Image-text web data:
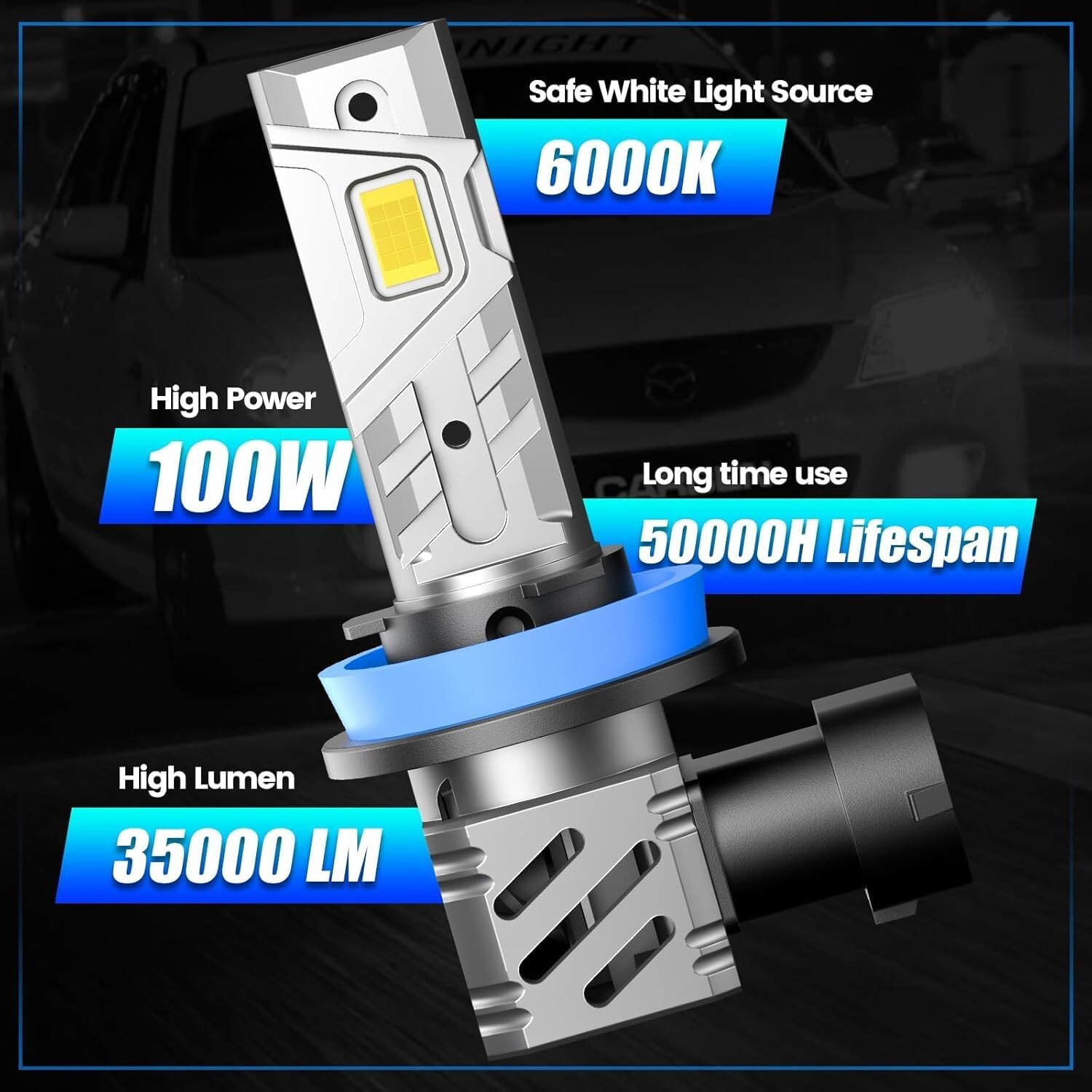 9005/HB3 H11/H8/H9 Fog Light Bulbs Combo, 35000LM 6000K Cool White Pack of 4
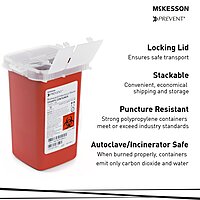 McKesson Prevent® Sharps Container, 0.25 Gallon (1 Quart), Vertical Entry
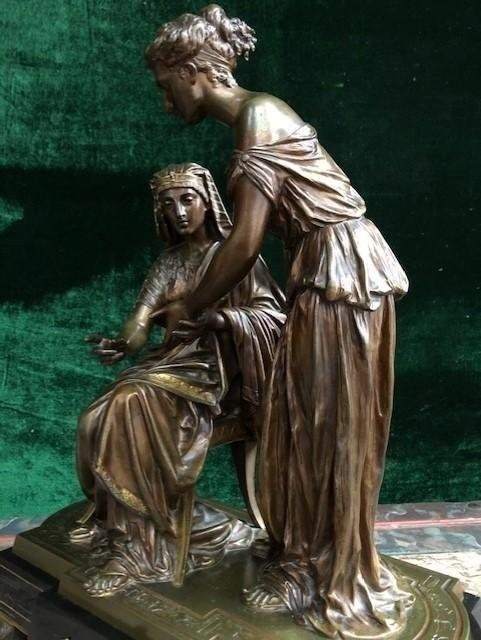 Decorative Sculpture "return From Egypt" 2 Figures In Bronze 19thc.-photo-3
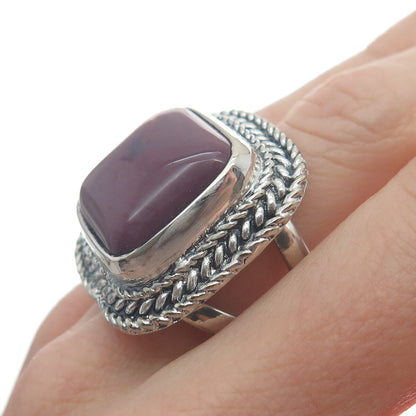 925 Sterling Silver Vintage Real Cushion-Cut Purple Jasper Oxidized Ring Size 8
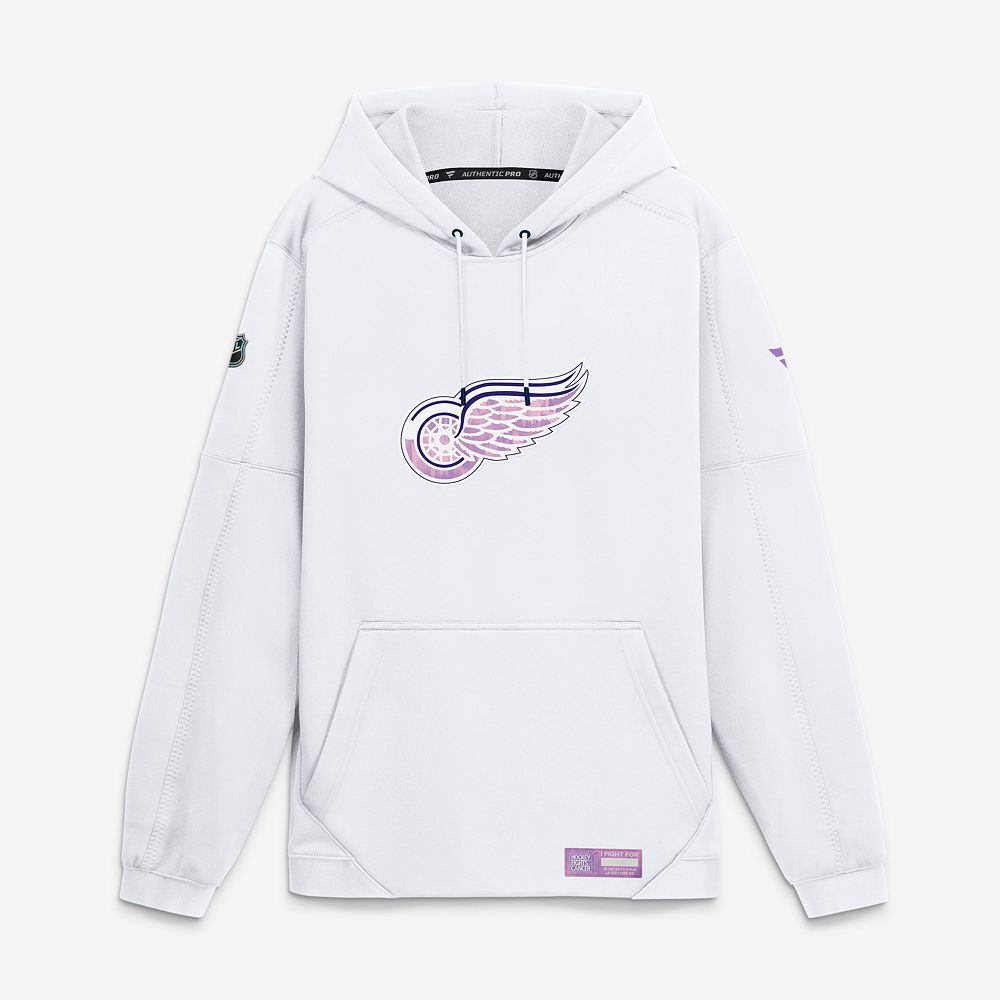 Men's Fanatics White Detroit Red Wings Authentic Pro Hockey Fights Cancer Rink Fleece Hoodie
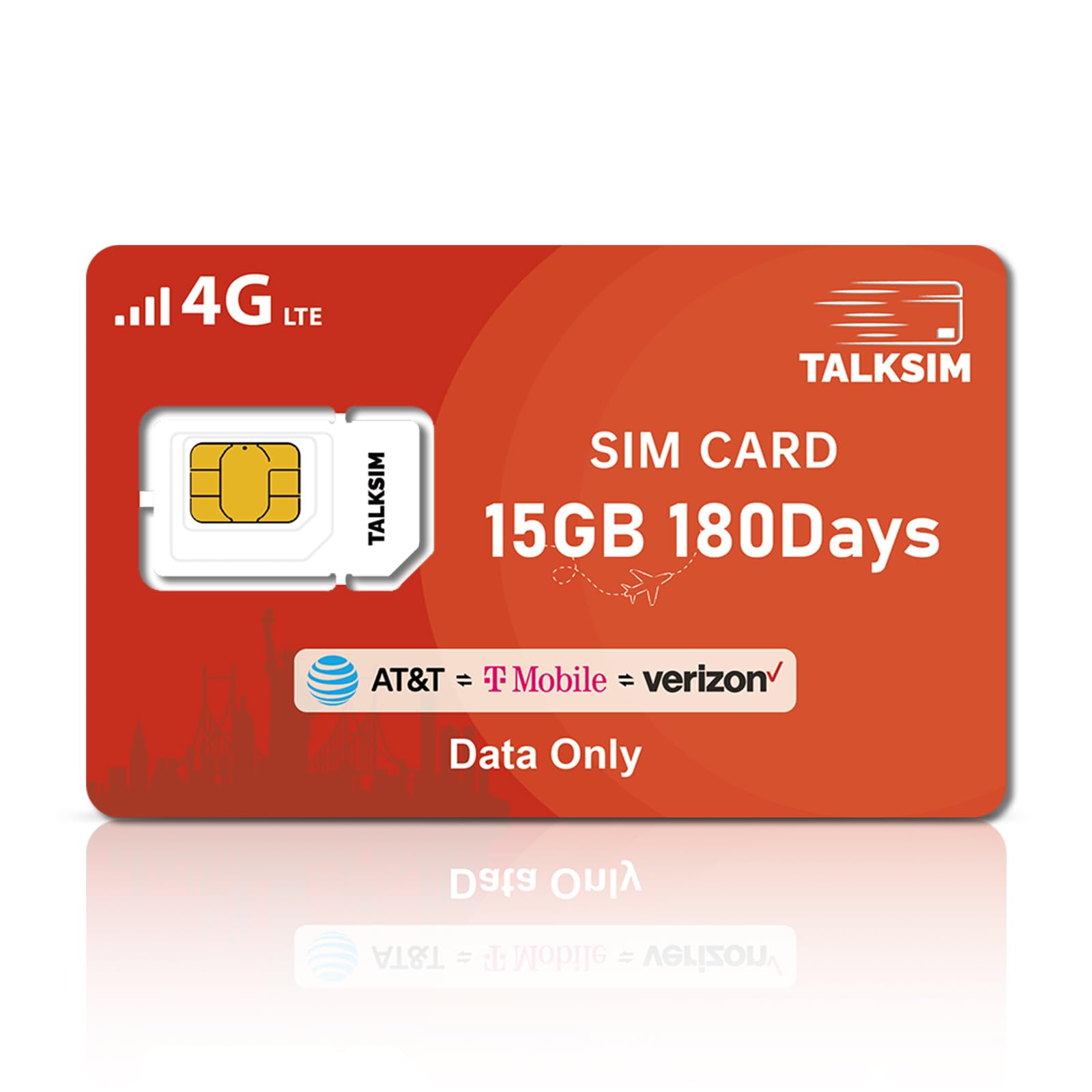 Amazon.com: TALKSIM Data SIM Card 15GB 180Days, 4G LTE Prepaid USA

» What you have to do: Copy exactly the lines from the one containing "925 Sterling Silver" through the final line of the records above, both included, and leave out any pictures.

» Result for this exercise:
 925 Sterling Silver Vintage Real Cushion-Cut Purple Jasper Oxidized Ring Size 8
 Men's Fanatics White Detroit Red Wings Authentic Pro Hockey Fights Cancer Rink Fleece Hoodie
 Amazon.com: TALKSIM Data SIM Card 15GB 180Days, 4G LTE Prepaid USA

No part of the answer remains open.